Elizabeth: And that’s good news. Speaking of things we can do, let’s turn to our final one in Pediatrics, state laws and their impact on childhood gun deaths.

Rick: Many of our listeners may not be aware that firearms are the second leading cause of pediatric deaths in the United States. We’ve talked before about the fact that gun laws affect adult mortality related to firearms. The question is do state guns laws affect pediatric firearm-related mortality?

So the authors attempted to answer this by doing a cross-sectional study from about 2011 to 2015 where they looked at what’s called the Injury Statistics Query and Reporting System and census data. So they measured both strictness of firearm legislation, which is they had a gun law score from 0% to 100%. How strict were a states gun laws?

And secondly, they looked to see whether there was one of three new gun laws that had been shown to affect adult-related mortality, that is background checks for firearm purchases, universal background checks for ammunition purchases, and identification requirements for firearms.

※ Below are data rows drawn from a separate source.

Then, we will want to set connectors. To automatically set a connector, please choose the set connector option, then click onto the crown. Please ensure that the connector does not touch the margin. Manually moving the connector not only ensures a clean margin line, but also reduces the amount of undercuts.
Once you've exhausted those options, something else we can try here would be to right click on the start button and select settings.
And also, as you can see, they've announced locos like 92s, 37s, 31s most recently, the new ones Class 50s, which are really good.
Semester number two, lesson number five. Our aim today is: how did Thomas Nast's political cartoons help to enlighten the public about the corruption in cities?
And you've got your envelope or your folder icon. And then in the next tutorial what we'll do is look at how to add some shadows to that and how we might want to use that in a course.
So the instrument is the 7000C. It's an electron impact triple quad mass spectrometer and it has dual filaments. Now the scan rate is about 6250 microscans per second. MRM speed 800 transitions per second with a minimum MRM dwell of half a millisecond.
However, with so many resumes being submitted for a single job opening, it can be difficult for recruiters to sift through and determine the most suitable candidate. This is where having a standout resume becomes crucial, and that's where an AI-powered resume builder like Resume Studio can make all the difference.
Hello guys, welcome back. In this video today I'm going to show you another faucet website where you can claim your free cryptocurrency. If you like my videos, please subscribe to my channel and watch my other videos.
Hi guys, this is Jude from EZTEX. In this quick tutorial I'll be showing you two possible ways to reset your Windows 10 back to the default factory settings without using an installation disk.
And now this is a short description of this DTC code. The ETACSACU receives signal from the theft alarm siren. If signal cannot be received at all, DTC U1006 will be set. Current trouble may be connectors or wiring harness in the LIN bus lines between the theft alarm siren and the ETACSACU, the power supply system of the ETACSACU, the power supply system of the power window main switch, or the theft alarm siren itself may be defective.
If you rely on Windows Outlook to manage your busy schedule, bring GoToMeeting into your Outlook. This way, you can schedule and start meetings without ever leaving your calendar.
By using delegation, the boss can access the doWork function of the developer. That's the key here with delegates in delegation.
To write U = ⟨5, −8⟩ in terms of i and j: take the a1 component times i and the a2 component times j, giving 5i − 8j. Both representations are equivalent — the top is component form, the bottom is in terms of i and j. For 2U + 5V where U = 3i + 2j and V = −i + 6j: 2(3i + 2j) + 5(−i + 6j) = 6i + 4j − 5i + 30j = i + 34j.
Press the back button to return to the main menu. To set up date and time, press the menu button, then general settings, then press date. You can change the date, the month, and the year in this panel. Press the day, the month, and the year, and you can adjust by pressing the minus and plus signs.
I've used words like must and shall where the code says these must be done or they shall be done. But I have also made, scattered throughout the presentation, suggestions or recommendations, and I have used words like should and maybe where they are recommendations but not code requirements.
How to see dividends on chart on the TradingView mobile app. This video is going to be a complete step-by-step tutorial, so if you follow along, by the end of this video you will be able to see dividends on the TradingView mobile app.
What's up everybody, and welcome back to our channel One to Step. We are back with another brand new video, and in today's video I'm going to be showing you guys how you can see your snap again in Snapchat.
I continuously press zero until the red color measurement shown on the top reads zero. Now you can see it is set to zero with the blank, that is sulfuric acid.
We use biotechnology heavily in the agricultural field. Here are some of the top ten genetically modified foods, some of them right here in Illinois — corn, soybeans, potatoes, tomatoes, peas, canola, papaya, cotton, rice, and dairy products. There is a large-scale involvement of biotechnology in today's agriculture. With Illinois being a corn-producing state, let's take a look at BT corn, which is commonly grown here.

What they discovered was during this period there was a total of about 21,000 children that died of firearm-related injuries, but states that had stricter gun laws had lower rates of child mortality related to firearms. For every 10% improvement in strictness of firearm legislation, there was a 4% reduction in pediatric deaths. But more importantly, if the state had a law that required universal background checks to purchase a firearm, it decreased children firearm-related mortality by 35%. Good evidence that not only do background checks and strict gun laws reduce mortality in adults, it also reduces mortality in children as well.

Elizabeth: Yep. And a worthy goal. I think we need to advocate for that as well as support pediatricians and others in asking about safe gun storage and all kinds of other devices.

Rick: Yeah, and that’s part of the strict gun laws. I was surprised when I looked at the data, Elizabeth. Most of the gun-related deaths were in the 18- to 21-year-old range, and about 60% was homicides, and about 35% or 40% were suicides. So this is older kids being able to get their hands on guns in states that either have lax laws or states that don’t have background checks. There’s been a reluctance to talk about firearm-related studies. I think we can address this if we actually look at the evidence and do so in an unbiased way.

Elizabeth: On that note, that’s a look at this week’s medical headlines from Texas Tech. I’m Elizabeth Tracey.

Rick: And I’m Rick Lange. Y’all listen up and make healthy choices.